▸ **TASK REQUIREMENTS**
The records should be repeated word for word, pictures excluded.

━━━

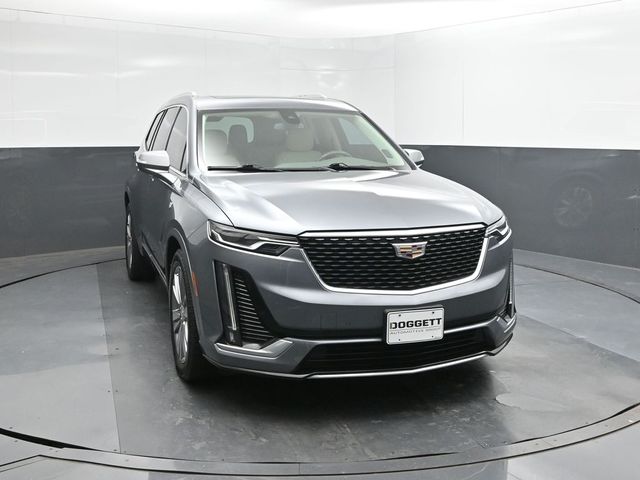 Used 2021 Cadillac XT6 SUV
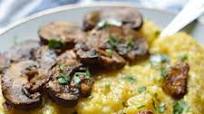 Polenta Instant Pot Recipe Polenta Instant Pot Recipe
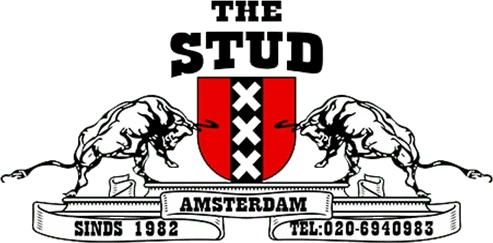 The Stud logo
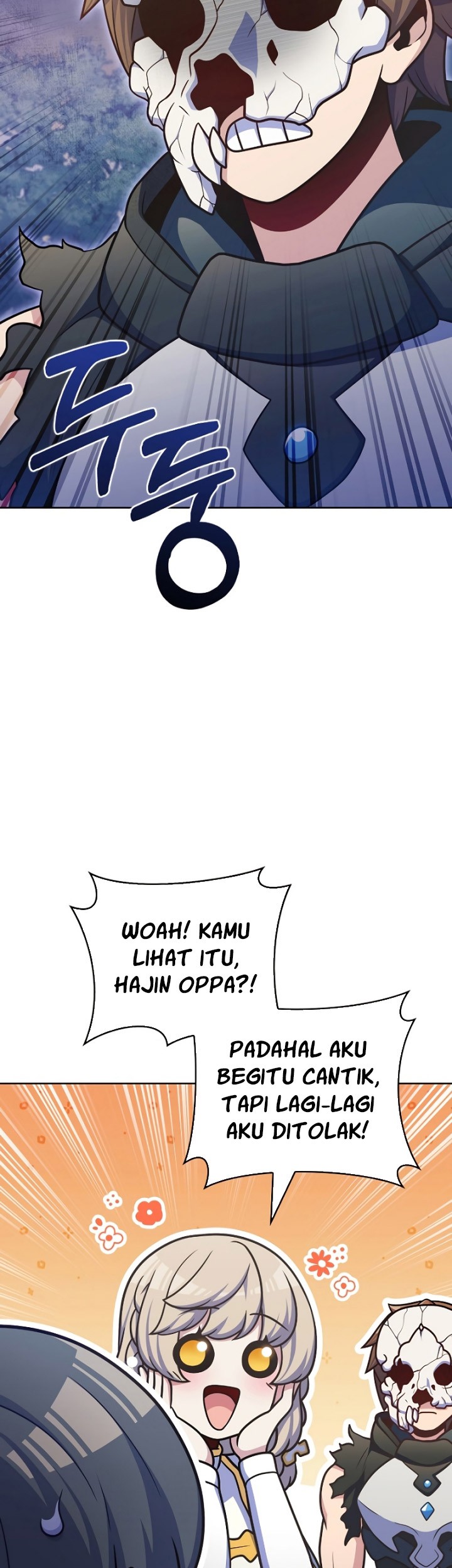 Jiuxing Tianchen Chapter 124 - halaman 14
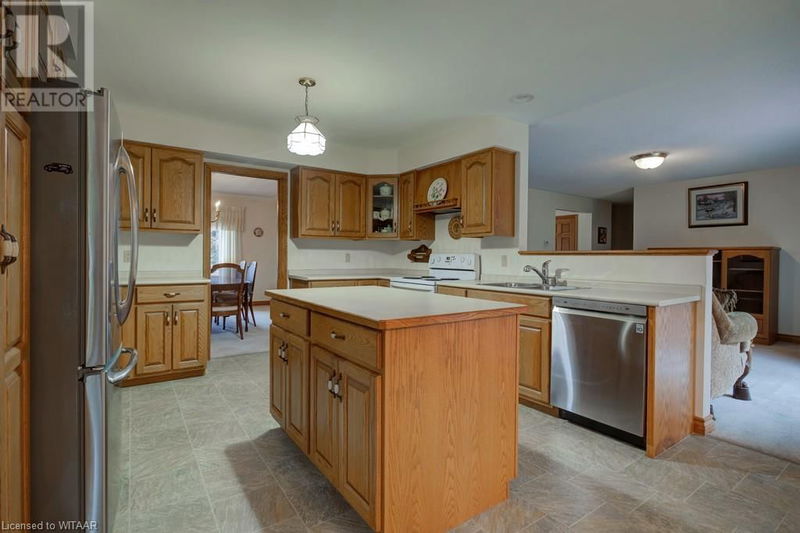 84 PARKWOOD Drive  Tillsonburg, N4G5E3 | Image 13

━━━

▸ **YOUR SOLUTION**
 Used 2021 Cadillac XT6 SUV
 Polenta Instant Pot Recipe Polenta Instant Pot Recipe
 The Stud logo
 Jiuxing Tianchen Chapter 124 - halaman 14
 84 PARKWOOD Drive  Tillsonburg, N4G5E3 | Image 13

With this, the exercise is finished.